GTFS-RT Fetcher and Aggregator to Parquet format
Project description
GTFS-RT Aggregator
This project provides a pipeline for fetching, storing, and aggregating GTFS-RT (General Transit Feed Specification - Realtime) data from multiple providers into Parquet format.
Features
- Fetch GTFS-RT data from multiple providers and APIs
- Store individual data files in Parquet format with multiple storage backends (filesystem, Google Cloud Storage, MinIO)
- Aggregate data files based on configurable time intervals
- Run fetcher and aggregator services in parallel
- Configurable via a single TOML configuration file
Requirements
- Python 3.11+
- Required Python packages (see requirements.txt):
- requests
- gtfs-realtime-bindings
- pandas
- pyarrow
- schedule
- pydantic
- google-cloud-storage (optional, for GCS storage)
- minio (optional, for MinIO storage)
Installation
From PyPI (recommended)
pip install gtfs-rt-aggregator
From Source
-
Clone this repository:
git clone https://github.com/GaspardMerten/gtfs-rt-aggregator cd gtfs-rt-aggregator
-
Install in development mode:
pip install -e .
Configuration
The pipeline is configured using a TOML configuration file.
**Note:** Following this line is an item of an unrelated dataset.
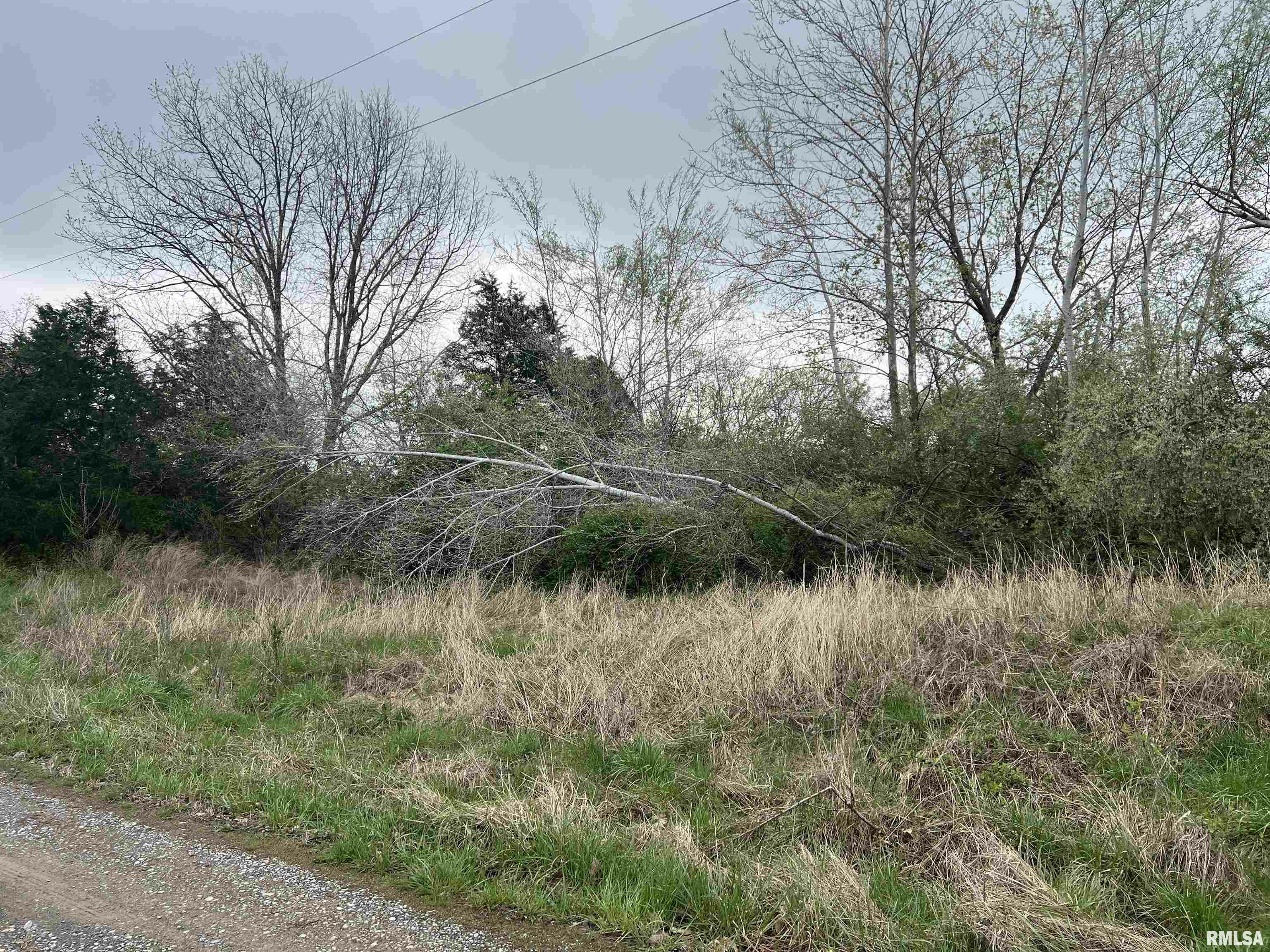 Property Photo: Lot 103 Cherokee Road IL 62939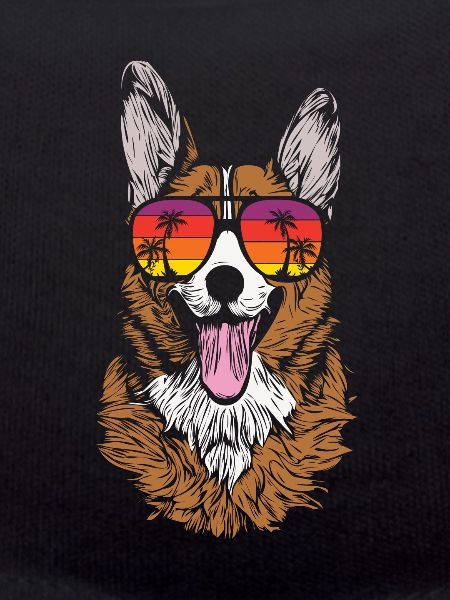 Welsh Corgi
Here's an example:
# GTFS-RT Configuration File
[storage]
type = "filesystem" # Options: "filesystem", "gcs", or "minio"
[storage.params]
base_directory = "data" # Base directory for filesystem storage
# Provider configurations
[[providers]]
name = "ovapi"
timezone = "Europe/Amsterdam"
[[providers.apis]]
url = "https://gtfs.ovapi.nl/nl/vehiclePositions.pb"
services = ["VehiclePosition"]
refresh_seconds = 20 # Fetch every 20 seconds
frequency_minutes = 60 # Group files in 60-minute intervals
check_interval_seconds = 300 # Check for new files every 5 minutes
[[providers.apis]]
url = "https://gtfs.ovapi.nl/nl/tripUpdates.pb"
services = ["TripUpdate"]
refresh_seconds = 20 # Fetch every 20 seconds
Storage Backend Examples
Google Cloud Storage
[storage]
type = "gcs"
[storage.params]
bucket_name = "my-gtfs-bucket"
base_path = "gtfs-data" # Optional: subfolder within the bucket
# Authentication is handled via the GOOGLE_APPLICATION_CREDENTIALS environment variable
MinIO Storage
[storage]
type = "minio"
[storage.params]
endpoint = "minio.example.com:9000"
access_key = "YOUR_ACCESS_KEY"
secret_key = "YOUR_SECRET_KEY"
bucket_name = "gtfs-data"
secure = true # Use HTTPS
base_path = "gtfs-feeds" # Optional: subfolder within the bucket
Configuration Options
-
storage: Global storage configuration
- type: Storage backend type ("filesystem", "gcs", or "minio")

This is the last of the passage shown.